## WORKING DATA

╔══

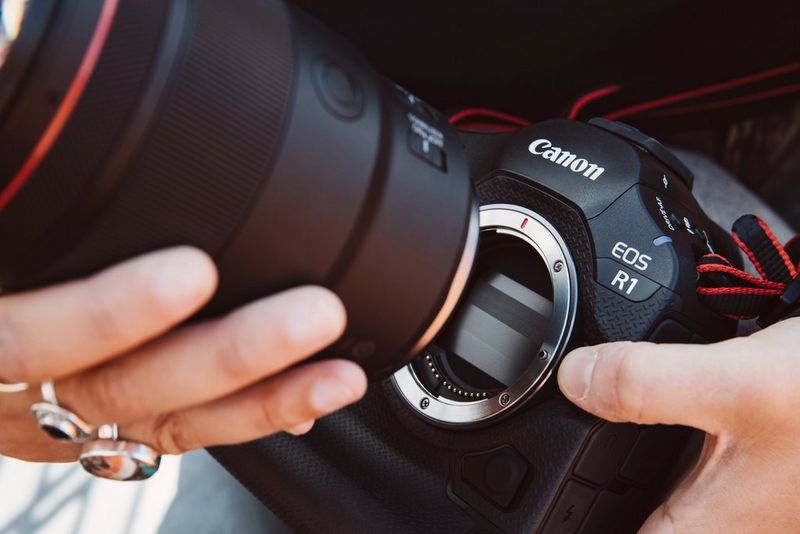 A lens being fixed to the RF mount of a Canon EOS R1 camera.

╚══
╔══

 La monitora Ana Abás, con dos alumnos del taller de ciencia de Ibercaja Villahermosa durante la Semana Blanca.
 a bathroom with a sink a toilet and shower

╚══
╔══

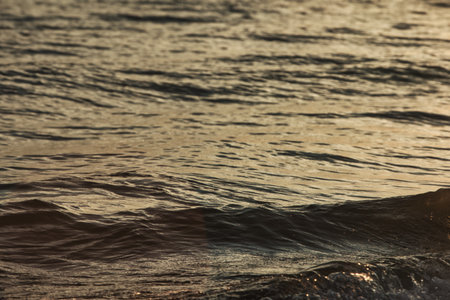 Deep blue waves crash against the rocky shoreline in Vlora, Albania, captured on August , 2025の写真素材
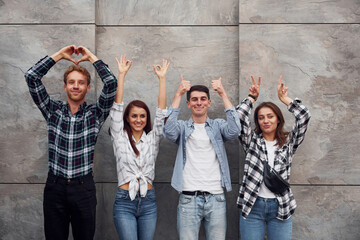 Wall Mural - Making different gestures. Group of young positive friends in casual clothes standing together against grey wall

╚══

## ASSIGNMENT
Leave out the images and write out the lines above exactly, from the one with "Deep blue waves" up to and including the one with "Wall Mural - Making".

## WRITTEN SOLUTION
 Deep blue waves crash against the rocky shoreline in Vlora, Albania, captured on August , 2025の写真素材
 Wall Mural - Making different gestures. Group of young positive friends in casual clothes standing together against grey wall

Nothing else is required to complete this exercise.